Berlin.

Die Bilanz 100 Tage Kristina Schröder als Familienministerin fällt eher enüchternd aus. Bislang hinterließ die 32-Jährige eher einen blassen Eindruck. Bei der Kanzlerin genießt sie Welpenschutz. Und noch allzu oft regiert die Über-Vorgängerin in ihr Ressort hinein.

Sie ist Hessin, twittert, sympathisiert mit den Grünen und hat einen der undankbarsten Jobs in Angela Merkels Kabinett übernommen. Vor 100 Tagen hat Kristina Schröder das Erbe von Ursula von der Leyen (alle CDU) als Familienministerin angetreten.

Bislang hat das 32-jährige Kabinetts-Küken einen blassen, unsicheren Eindruck hinterlassen. Teile der CSU befürchten, dass Familienpolitik unter der kinderlosen Berufspolitikerin zum „Gedöns“ verkommen könnte. Zudem kritisieren sie, dass ihr die nötige Leidenschaft fehle. Die FDP würde gerne wissen, was Schröder überhaupt plant.

„I love Birne“-Aufkleber

Noch genießt die Ministerin, die mit 14 für Helmut Kohl schwärmte und „I love Birne“-Aufkleber auf ihren Schulranzen pappte, bei Merkel Welpenschutz. Vergangenen Donnerstag machte die Kanzlerin – eigentlich keine Verfechterin großer Gesten – ihrem Spitznamen „Mutti“ Ehre. Wie ein Animateur forderte sie klatschend die Abgeordneten im Bundestag zum Applaus auf. Schröder rackerte sich gerade an ihrer ersten Gleichstellungs-Rede mit Blick auf den Weltfrauentag, der am gestrigen Montag war, ab. Die Union klatschte und giftete im Hintergrund. „Wir waren entsetzt, wieder hat Schröder eine Chance vertan“, verlauteten CSU-Kreise, nachdem die Ministerin sichtlich verunsichert zwar eine stärkere Position für Frauen, aber Quoten abgelehnt hatte.

„Ich hätte mir noch die ein oder andere provokante Forderung gewünscht“, sagte die stellvertretende Unions-Fraktionschefin Ingrid Fischbach (CDU) zur „anständigen“ Rede der Ministerin, die bis dato in erster Linie durch ihre Hochzeit mit Innenstaatssekretär Ole Schröder aufgefallen war.

Wie die Jungfrau zum Kinde kam Schröder ins Amt. Verteidigungsminister Franz Josef Jung (CDU) war über das Bombardement in Kundus gestolpert, Merkel brauchte des Proporzes wegen jemanden aus Hessen. Voilà, Extremismusexpertin Schröder durfte in die Fußstapfen von Ursula von der Leyen treten.

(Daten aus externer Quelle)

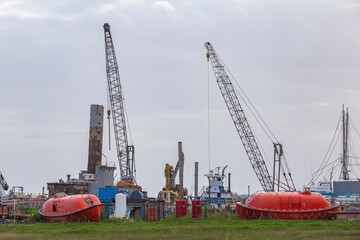 Cranes, lifeboats, life rafts, at an old deserted port in Luisiana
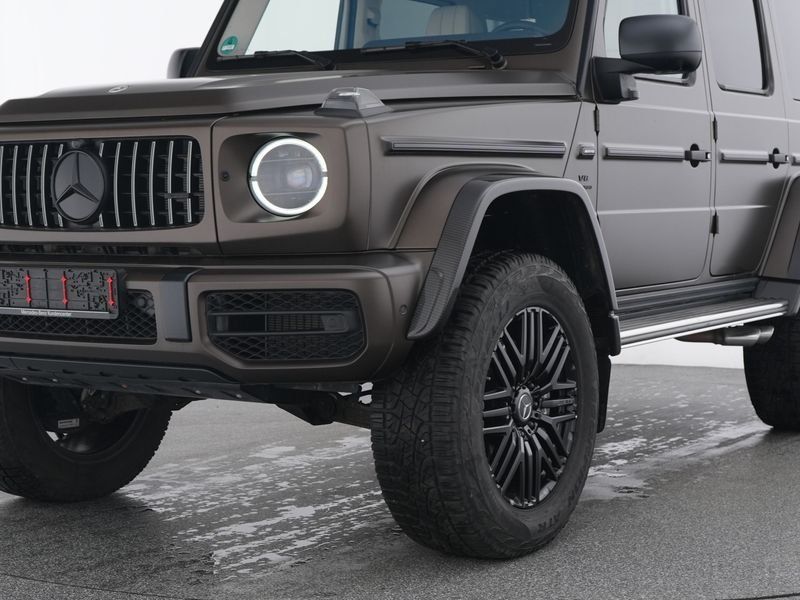 Fahrzeugabbildung Mercedes-Benz G63AMG 4x4² Dachträger Holzboden NightI+II MAGNO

Die Pflegezeit als erster Profilierungsversuch

Vergnügungssteuerpflichtig war dies nicht, nachdem die siebenfache Mutter das Familienbild der Union binnen vier Jahren umgekrempelt und praktisch alle großen Profilierungsthemen abgeräumt hatte. Obendrein zog von der Leyen ihre wichtigsten Abteilungsleiter und den beamteten Staatssekretär ab und stellte klar, dass sie sich weiter um Familienpolitik kümmern will.

Schröder konterte, indem sie nach dem Verfassungsgerichtsurteil zu den Hartz-IV-Regelsätzen klarstellte, dass moderne Familienpolitik weit mehr als Sozialpolitik sei. Dennoch: „Sie lässt Ursula von der Leyen widerstandslos in ihr Ministerium hineinregieren“, findet SPD-Familienexpertin Caren Marks.

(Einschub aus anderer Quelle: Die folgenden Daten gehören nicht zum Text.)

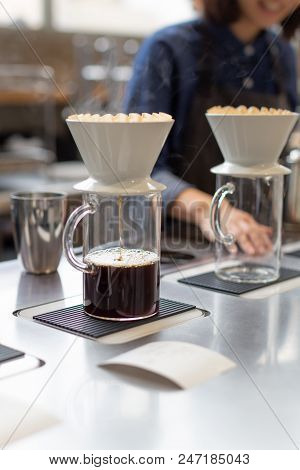 The Proccess Of Hand Dripping Coffee In The Coffee Shop. Barista On The Background.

Schröder büffelte zunächst im Ministerium und kam bei ihrer Amtsantrittsrede sechs Wochen später zu der These, dass es in ihrem Haus immer noch große Themen gibt. Den Beweis dafür blieb sie zunächst schuldig: So wollte sie das Elterngeld ausweiten, den Extremismus bekämpfen und alle familienpolitischen Leistungen auf den Prüfstand stellen. Neu war das nicht. Nun hat Schröder ihr erstes Profilierungsthema gesetzt. Sie will für Berufstätige zwei Jahre Pflegezeit durchsetzen und hat dafür kräftig Prügel bezogen. „Schröders unausgegorener Pflegevorstoß ist der Versuch, die bisherige Untätigkeit zu kaschieren“, sagt Marks.

„Schnellschuss im Alleingang“

Von einem „Schnellschuss im Alleingang“, redet Nicole Bracht-Bendt, frauenpolitische Sprecherin der FDP. Schröder auf das Verlierergleis zu schieben, wäre sicherlich verfrüht. Sie gilt als fleißige und ehrgeizige Politikerin, die kämpfen kann. Bei der Bundestagswahl hat das CDU-Urgewächs Ex-Entwicklungsministerin Heidemarie Wieczorek-Zeul (SPD) das Direktmandat abgeknöpft und im BND-Untersuchungsausschuss politische Schwergewichte wie Otto Schily gekonnt gequält. „Ministerin Schröder hat in der kurzen Zeit das gebracht, was man von ihr erwarten kann“, sagt Bracht-Bendt. Nun müsse sie rasch konkrete Projekte anstoßen. Doch selbst wenn der große Schröder-Vorstoß kommt, bleibt der Zankapfel Betreuungsgeld, das 2013 eingeführt wird. Hier sind Schröder Koalitionskrach und öffentliche Aufmerksamkeit garantiert.